Enerji ve Tabii Kaynaklar Bakan Yardımcısı Abdullah Tancan, Bakanlık olarak mini YEKA GES’te olduğu gibi bir mini YEKA RES ilan etmenin arifesinde olduklarını ve yarışmanın 2 bin MW için planlandığını açıkladı.
Tansan, “2018 verilerine bakıldığında rüzgâr enerjisi üretiminde Avrupa’da 5’inci, dünyada 10’uncu sırada yer almaktayız. Türkiye’nin hidroelektrik santrallerinden sonra kurulu güç açısından en büyük değere sahip olan yenilenebilir enerji kaynağı rüzgâr enerjisi.
Şubat sonu itibarıyla 9 bin 192 MW rüzgâr enerjisi kurulu gücüne ulaşmış bulunmaktayız. Güneş enerjisi sektöründe yaptığımız mini YEKA yarışmalarını, rüzgâr enerjisinde de yapmayı düşünüyoruz. 2 bin MW için mini YEKA RES ilan etmeyi planlıyoruz. Sektörle görüşmelerimiz devam ediyor. Her zaman düşüncemiz şu; mümkün olduğunca baştan yarışma koşullarının en iyisini kurgulayalım ki değişiklik olmasın ama yine sizlerden gelen talepler çerçevesinde şartnamede değişiklik yapılması icap ederse de bunları değerlendirelim.” açıklamasında bulundu.
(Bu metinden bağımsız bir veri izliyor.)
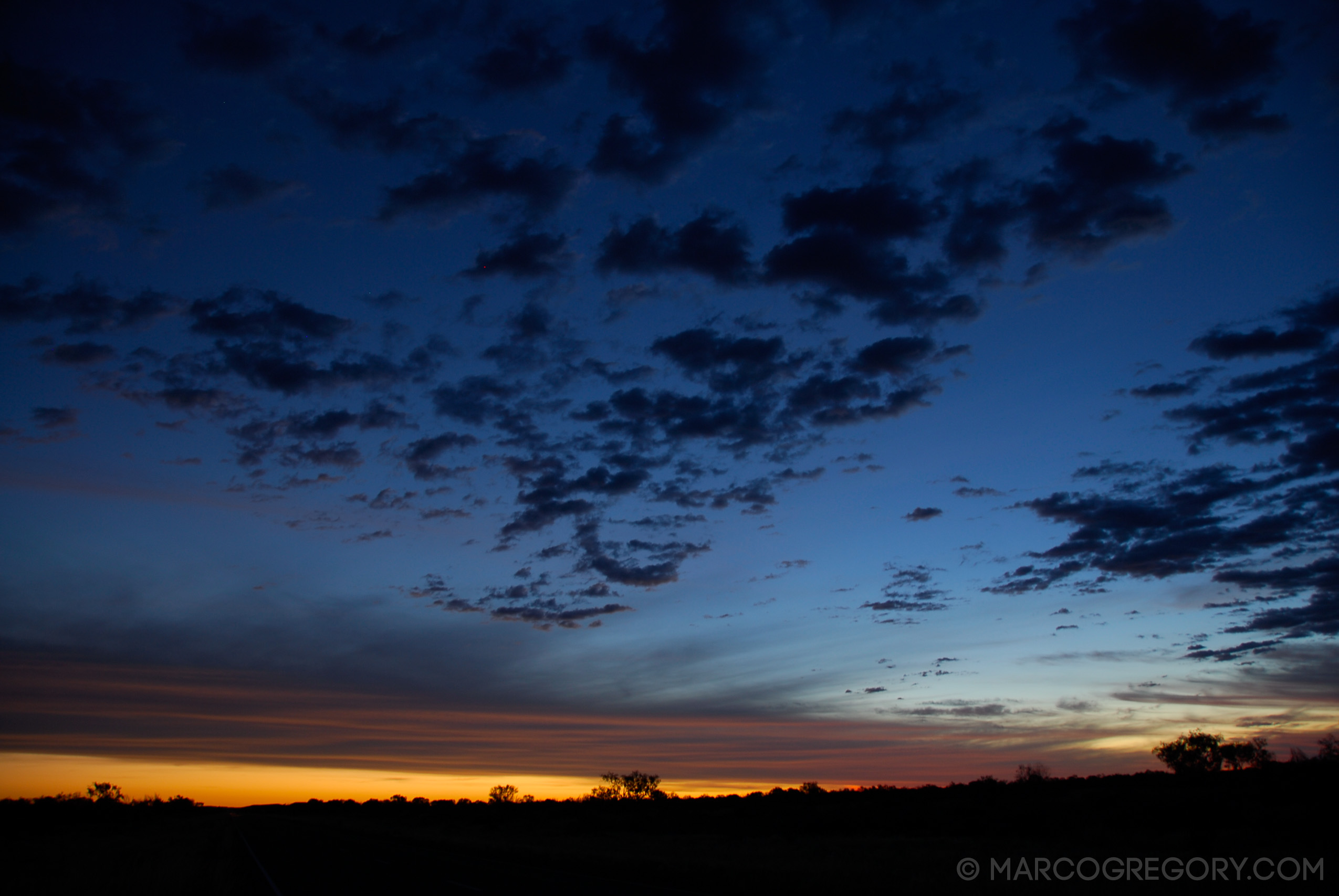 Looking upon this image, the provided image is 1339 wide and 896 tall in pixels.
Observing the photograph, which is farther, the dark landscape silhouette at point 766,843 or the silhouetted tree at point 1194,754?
the silhouetted tree at point 1194,754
“Türk mühendisliğini yerli türbinimizin geliştirilmesinde kullanmamız gerekiyor”
Oturumda, Güriş Holding Enerji Grup CEO’su Ali Karaduman Türk markalı türbin ve ekipman üretimini gerçekleştirmek istediklerini belirtti.
Dünyanın geleceğinin temiz enerjide olduğunu belirten Karaduman,
“Küresel olarak rüzgâr enerji endüstrisi genişledikçe türbin tedarikçisi firmalar arasında ücretlendirme politikası rekabet kazanacak, maliyetler düşmeye devam edecek. Temiz ve uygun fiyatlı bir teknoloji olarak rüzgâr enerjisi ülkeleri, şirketleri ‘yeşil bir iyileşmeye giden yoldaki’ değerleri desteklemek için kritik bir öneme sahip olacak.” dedi.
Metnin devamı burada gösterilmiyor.